Russell Moore speaks truth to his community
The Christianity Today editor and former Southern Baptist leader is gravely concerned about the soul of US evangelicalism.
Losing Our Religion is a tale of disillusioned love. Russell Moore affectionately recalls his childhood growing up in a Southern Baptist church in Mississippi, giving his youthful heart to Jesus, and completing seminary and doctoral training in Southern Baptist seminaries. He was so deep into the subculture, he quips, he knew the code language by heart. “The Lord has called Brother Jones from the pastorate into itinerant evangelism” could mean only one thing: “moral failure.”
Moore’s rise in the Southern Baptist ranks was so rapid it seemed almost predestined. In time he would teach systematic theology at his alma mater and function as dean and chief academic officer. In 2013, he became president of the denomination’s prestigious Ethics and Religious Liberty Commission. He served as a frequent and winsome guest on network television newscasts. (I should know; CBS News once bumped me for him.)

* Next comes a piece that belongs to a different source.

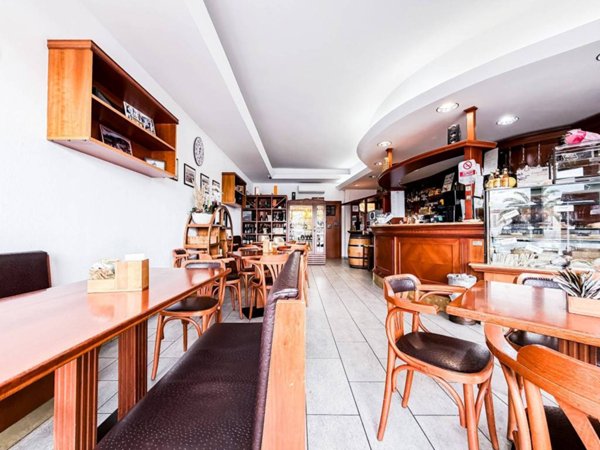 negozio in vendita ad Olbia in zona Centro Storico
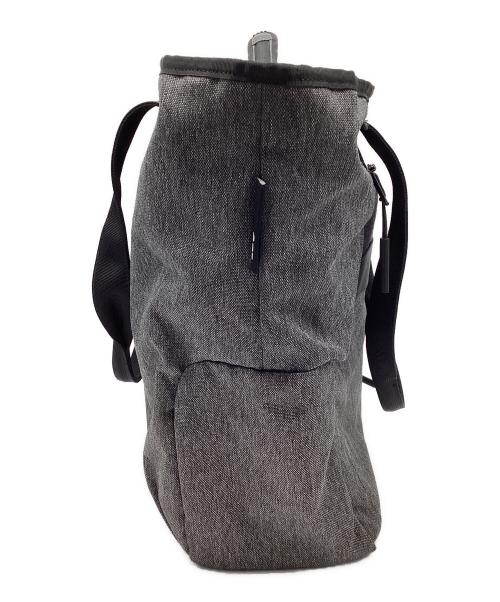 AER（エアー）AER (エアー) トートバッグ グレー×ブラックの古着・服飾アイテム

Today Moore’s voice echoes far beyond Southern Baptist circles. He has authored more than a half dozen works of serious academic import. In 2022, he was named editor in chief of Christianity Today. Though his views on topics such as biblical authority and the existence of hell would not win much airtime in liberal pulpits, Moore’s influence as a public theologian reaches far beyond evangelicalism. Indeed, it is hard to think of anyone in the Protestant mainline who plays a comparable role.